Broyles, William, Jr. “Why Men Love War.” Esquire, Nov. 1984, 55–65.

Chodorow, Nancy. The Reproduction of Mothering: Psychoanalysis and the Sociology of Gender. Berkeley: University of California Press, 1978.

Cixous, Hélène. “The Laugh of the Medusa.” New French Feminisms. Ed. Elaine Marks and Isabelle de Courtivron. New York: Schocken, 1981.

Elshtain, Jean Bethke. Women and War. New York: Basic, 1987.

Fussell, Paul. The Great War and Modern Memory. New York: Oxford University Press, 1977.

Gilbert, Sandra M. “Soldier's Heart: Literary Men, Literary Women, and the Great War.” Signs 8 (1983): 422–450.

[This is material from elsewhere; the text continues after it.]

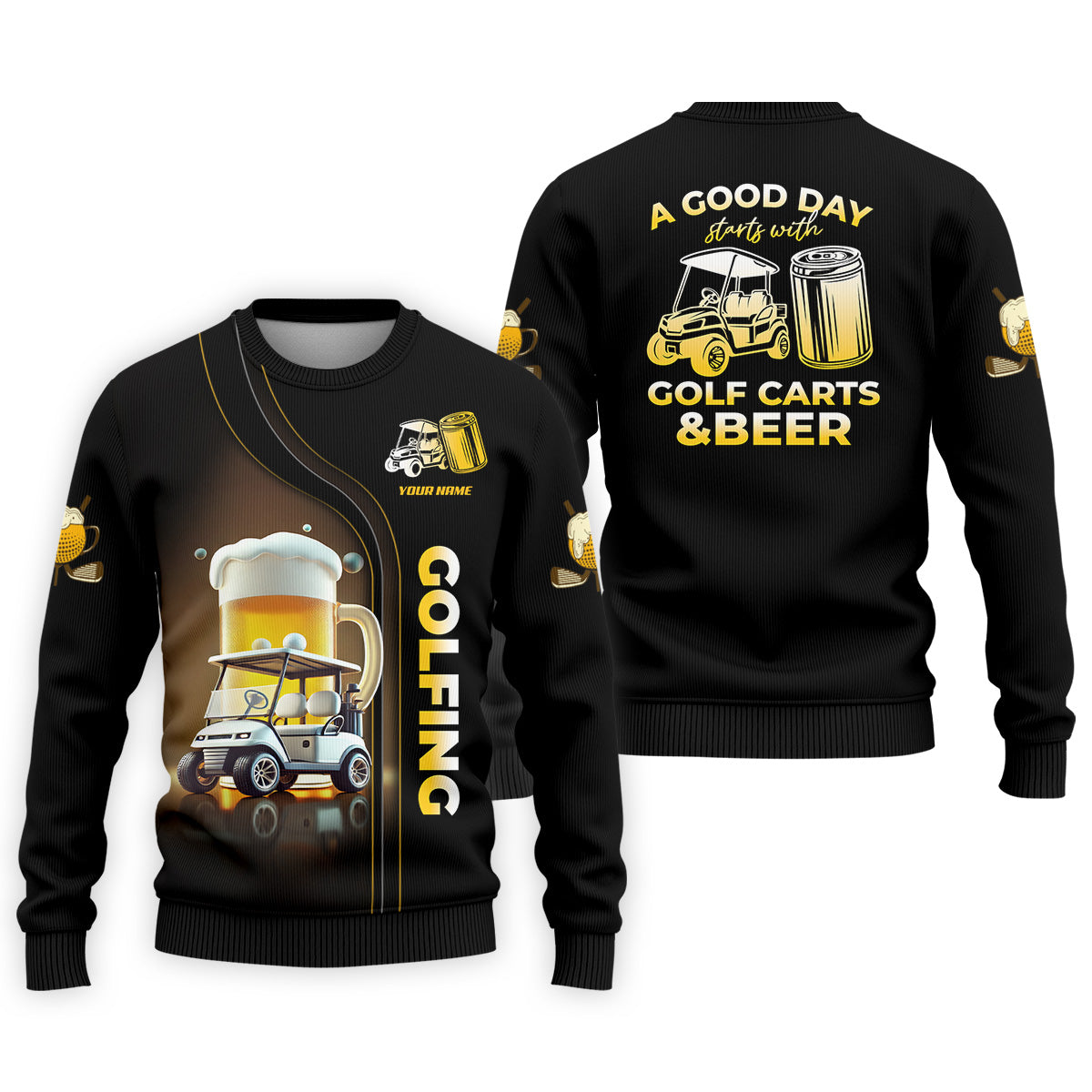 A Good Day Starts With Golf Carts And Beer Custom Men's Golf Polo ShirtFunny Golf Shirt, Dad Golf Gift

Gray, J. Glenn. The Warriors: Reflections on Men in Battle. New York: Harper, 1970.

Herr, Michael. Dispatches. 1977. New York: Avon, 1978.

Huston, Nancy. “Tales of War and Tears of Women.” Women's Studies International Forum 5 (1982): 271–282.

———. “The Matrix of War: Mothers and Heroes.” The Female Body in Western Culture. Ed. Susan Rubin Suleiman. Cambridge: Harvard University Press, 1986.

Marcus, Jane. “Corpus/Corps/Corpse: Writing the Body in/at War.” Afterword. Not So Quiet … Stepdaughter of War. Helen Zenna Smith. New York: Feminist Press, 1989.

Mason, Bobbie Ann. In Country. New York: Harper, 1985.